MGM Resorts has 32 hotel and gaming destinations around the world. The Company’s 50/50 venture with U.K.-based Entain PLC, BetMGM LLC, owns BetMGM and partypoker. MGM’s BetMGM Ontario sportsbook, launched April 4, was the 23rd jurisdiction in which a BetMGM product is available, the company said in a news release.

BetMGM’s second quarter losses grew to US$71.2 million, up from a loss of about US$46 million in the second quarter of 2021.

Parent company MGM’s second quarter revenue climbed to US$3.3 billion, up 44% over the US$2.3 billion reported in the first three months of 2021. MGM’s physical casinos were hard hit during the worst phases of the Covid pandemic and its share price reflected the drop. Since January, 2021, the company has repurchased a full 31% of its market capitalization.

Caesars Entertainment Inc. (CZR/NASDAQ)

Caesars Sportsbook went online in Ontario in early April. Parent company Caesars Entertainment owns and operates about 50 casino properties in 16 states and operates a hotel and casino in Windsor, ON.

For the second quarter of 2022, Caesars announced revenue of US$2.8 billion, up from the US$2.5 billion in revenue reported in the second quarter of 2021. Like other gambling companies, however, losses increased, rising to a deficit of US$123 million from a profit of US$71 million. The company’s balance sheet showed US$14.2 billion in debt against cash and cash equivalents of US$997 million.

Rush Street Interactive (RSI/NYSE)

Chicago-based Rush Street Interactive began trading on the NYSE at the end of 2020. The company has a Canadian presence through its BetRivers sportsbook.

Rush Street reported second-quarter revenue of US$144 million, up 17% over the same quarter a year ago. Net losses in the quarter were US$28.3 million vs. a loss of US$14 million in the second quarter of 2021.

Gambling ETFs

Exchange-traded funds (ETFs) offer investors a geographically diversified portfolio of stocks linked to the global gambling industry. Only a few fund families offer ETFs specifically focused on companies that may gain from the surge in online wagering.

Roundhill Sports Betting ETF (BETZ/NYSE Arca)

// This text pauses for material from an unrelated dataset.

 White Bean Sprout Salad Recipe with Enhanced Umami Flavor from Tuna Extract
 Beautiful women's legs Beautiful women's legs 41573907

This fund, part of a family of seven ETFs offered by New York-based Roundhill Investments, was launched in June 2020 at a unit price of about US$16. The units rose steadily and spent most of 2021 at US$30 or more, then began a steep decline and recently slipped back to near their issue price. The fund’s US$138 million in assets under management is invested in 43 companies, including those that operate in-person or online sportsbooks, online gambling platforms and the tech companies that supply them. Roughly 32% of the fund’s portfolio is in U.S.-based companies. The fund carries an expense ratio of 0.75%.

VanEck Gaming ETF (BJK/NASDAQ)

This fund, launched in 2008, has US$69.3 million in assets allocated among 37 holdings, including companies with casino hotels, sports betting, lottery and gaming services, gambling technology and gambling equipment. Along with stock markets, BJK’s unit price climbed steadily during the pandemic and peaked last year. So far this year, the fund has nicely outperformed the Nasdaq, which means only that its unit price has merely slipped instead of plunging. Almost all the companies in its portfolio come from the consumer discretionary sector, with real estate names making up most of the rest. About 43% of its holdings are based in the U.S. The fund carries a net expense ratio of 0.62%.

Conclusion

The online sports betting industry is likely to grow dramatically, helping publicly traded gambling corporations generate revenue. Until profits appear, however, stakes in gambling stocks are only slightly less risky than playing their games. Growth-seeking investors may take a small position in a gambling stock or ETF, but like visiting a casino, only play with money you can afford to lose.